A_R_mator [2010-02-16 14:28:37] - to ja się grzecznie pytam, dlaczego to zdjęcie http://plfoto.com/2051767/zdjecie.html zostało wymoderowane, a powyższe nie? I poprzednie tegoż Polecanego też nie. Są równi i równiejsi znów? Administracja przeczy sama sobie? Jednych Poleca, drugich identycznych moderuje?
papajedi [2010-02-16 13:36:35] Nie chce mi się na nowo linków wyszukiwać, ale proszę ot taki > http://www.omulecki.com/galery_01_.html . I czy to sie komuś podoba, czy nie to jednak znany i uznany twórca. Więcej luzu i zrozumienia ;-)))
A_R_mator-- boki zrywam jak czytam to twoje TU !""" Może warto rozejrzeć się poza portalami i tam się różne prace w podobnej stylistyce znajdą. I nikt nie biadoli "aj jakie to złe dla mnie towarzystwo".""" --- Proszę w TEJ SYTUACJI ADMINA o wycofanie mojej osoby z katalogu POlecami .

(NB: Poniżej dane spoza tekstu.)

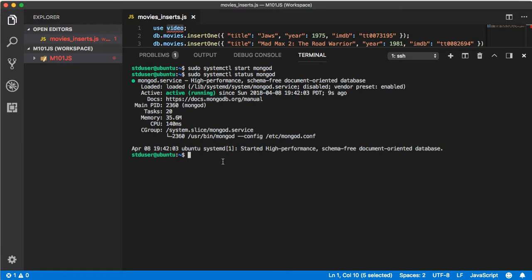It'll give us an output and if you've got a green dot it'll tell you that it's active and running. Finally we want to run the command sudo systemctl enable mongod which will make it so that any time we restart our server mongod will start up as well.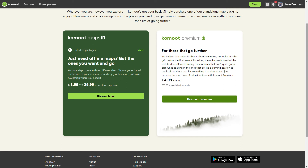Komoot Premium is a specialty. Premium is a subscription version of Komoot. The entire world map is included in Premium for the duration of the subscription. Komoot Premium also provides sport-specific maps for hiking, cycling, and mountain biking. You can plan multi-day tours with accommodation and create your own collection of tours and highlights.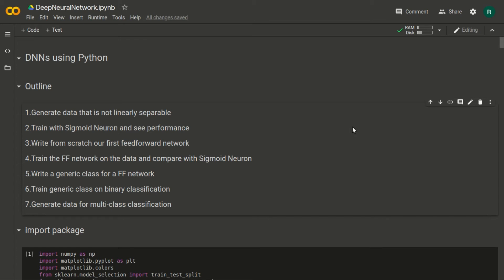Hello and welcome to this video on implementation of DNNs using Python. I am Hrithik and this Jupyter notebook is created by my colleague Mansi. We are in the Google Collaboratory environment where we will be running this IPython notebook. Let's see the outline first.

...ale o co chodzi, ktoś przypadkiem trącił autora i wyzwolił migawkę z lampą. Gdyby jeszcze jakiś orginalny tytuł - ale 0 inwencji.Pozdro. Podoba się, ale bez przesady.
Jak widać poniżej, problem w mało przyjemnej wizualnie estetyce. A czy o to chodzi? Wszystko ma być cacy, cacy... w sensie łatwości i prostoty odbioru? Może warto rozejrzeć się poza portalami i tam się różne prace w podobnej stylistyce znajdą. I nikt nie biadoli "aj jakie to złe dla mnie towarzystwo". Więc myślę sobie, że więcej zrozumienia, a mniej pitolenia czasami by się przydało ;-)
Aleksandra Gach [2010-02-09 18:31:04]..duzo nie powiedziałaś................Fota wyjęta z koszyka sie niestety nie broni..a koszyk,który wskazał autor też jest niespójny i dla takiego "mało ogarniętego odbiorcy" jak ja wydaje się zbyt przypadkowy
chętnie obejrzałabym większą serię, tutaj już mam kolejne zdjęcie http://plfoto.com/zdjecie,ludzie,bez-tytulu,2039836.html ciekawa byłabym dalszych klatek, lubię taki dokument
hehe
Snowman [2010-02-16 22:56:20] - a jak nie czuję, to mogę kazać czytać Dederkę?
barszczon [2010-02-16 23:18:59] > Szczególnie, że Autor chyba jeszcze nie wie, że był polecanym i jakie to miało reperkusje. Możesz napisać pod tym co czujesz (to prywatne, nie wyświetla się w komentarzach) > http://plfoto.com/zdjecie,ludzie,kurorty,1977115.html ;-)))))
A_R_mator [2010-02-16 22:58:31] - nie wiem, czy Autor byłby ucieszony, gdybym swoje odczucia upublicznił. Mimo, iż są one wyłącznie moje :))) Dlatego wolę napisać, że mi się "nie podoba" :)) --- Choć częściowo zgadzam się ze Snowmanem [2010-02-16 22:56:20] - gdy jakaś fotografia nie budzi we mnie żadnych uczuć - to ani nie komentuję ani nie oceniam ani nawet nie czytam komentarzy innych :) Po prostu - powietrze... :))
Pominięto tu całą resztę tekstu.